CARTOGRAFIA

Grottaferrata: la più antica carta catastale

 

 

LA PIU’ ANTICA CARTA CATASTALE  DEL TERRITORIO DI GROTTAFERRATA

(Angelo D’Ottavi)

 

 

Così recita il frontespizio della carta redatta dall’architetto Domenico Castelli nel 1630, su commissione dell’allora Cardinale Commendatario dell’Abbazia di Grottaferrata Francesco Barberini. Si tratta della prima vera carta catastale, in senso moderno, mappa che raccoglie tutti i possedimenti di proprietà dell’Abbazia, con i lotti perfettamente indicati e numerati, nonché, recanti i nomi dei possessori.
In origine, dei beni dell’Abbazia di Grottaferrata, esistevano elenchi nominativi, di incerta collocazione sul territorio, sempre commissionati da abbati commendatari per avere un minimo di controllo amministrativo sui possedimenti e sulle relative entrate dell’Abbazia.

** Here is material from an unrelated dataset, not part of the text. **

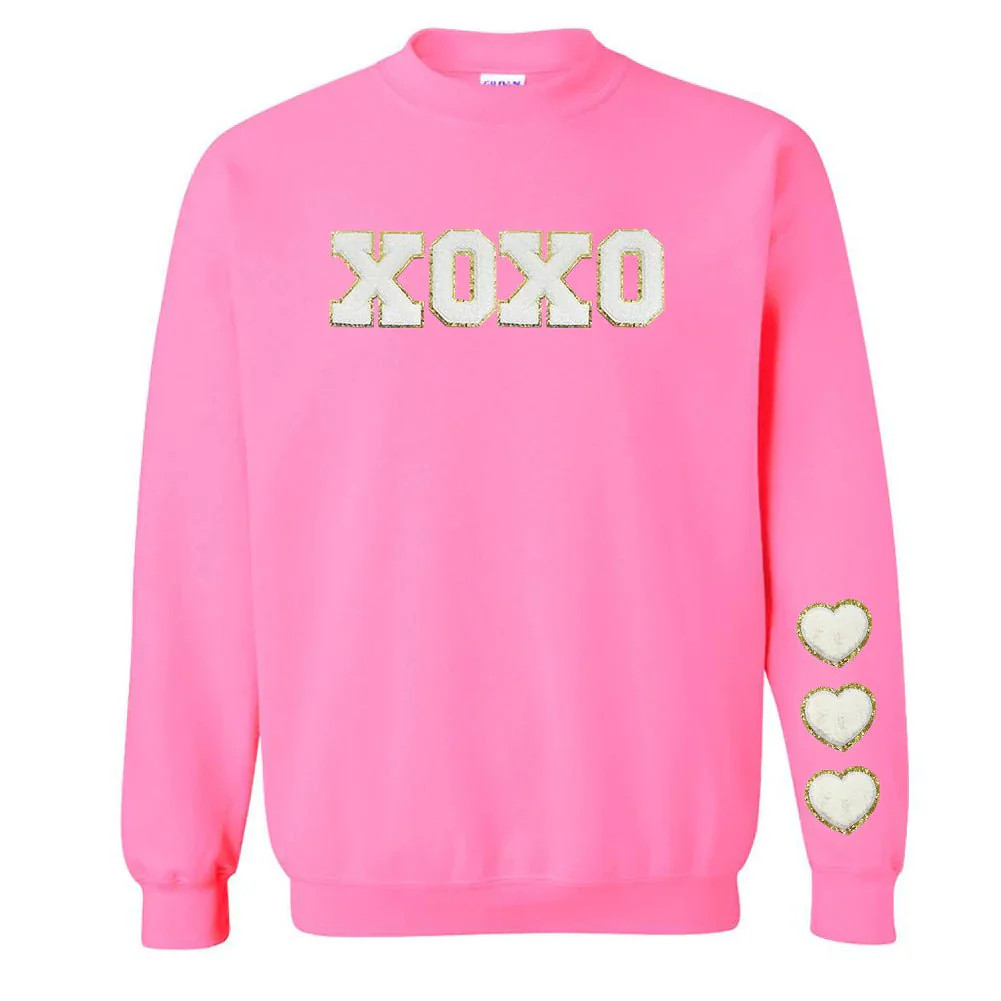 'XOXO & Hearts on your Sleeve' Chenille Patch Sweatshirt | United Monograms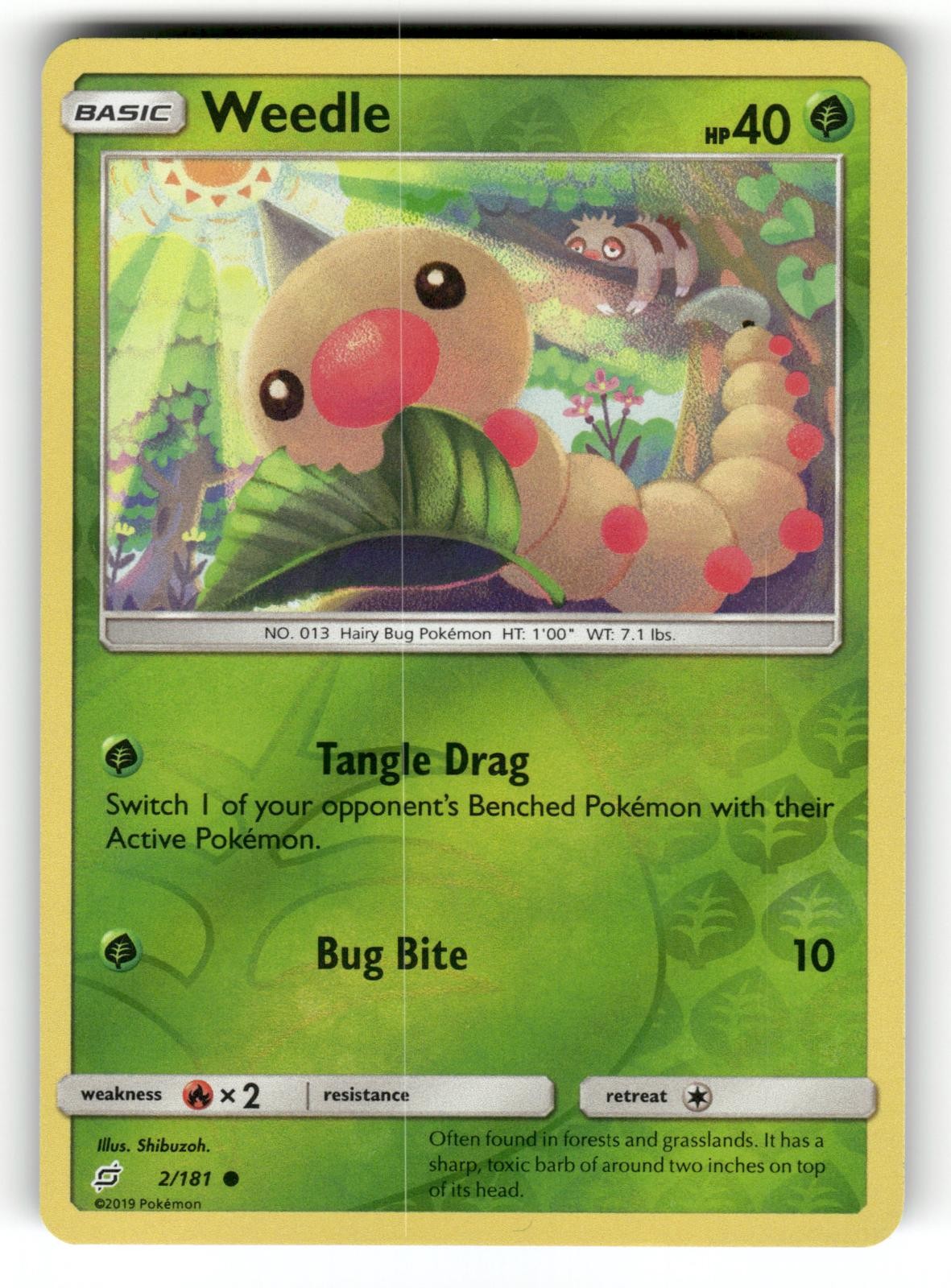 Weedle LP 2/181 Reverse Holo Team Up Pokemon Common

Il primo elenco organico fu commissionato dal primo abate commendatario dell’abbazia, il celebre cardinale greco Giovanni Bessarione, nell’intento di recuperare proprietà sfuggite al controllo dell’Abbazia, ed in particolar modo cercando di riordinare l’amministrazione; questo compito durò dal 28 agosto 1472 al 18 novembre 1472 con la morte del cardinale. Questo elenco venne denominato “Platea” o “Regestum Bessarionis”, sotto la supervisione dell’arcivescovo Niccolò Perotti incaricato, appunto, da Bessarione.

Ma questo Regestum Bessarionis, anche se articolato e minuzioso, restava un elenco di beni e proprietà di incerta collocazione. Solo con la nomina ad Abate del cardinale Francesco Barberini nel 1627, e con l’incarico affidato all’Architetto Domenico Castelli, si realizzò la prima mappa catastale, intesa in senso moderno, dei beni dell’Abbazia di Grottaferrata presenti sul solo territorio tuscolano.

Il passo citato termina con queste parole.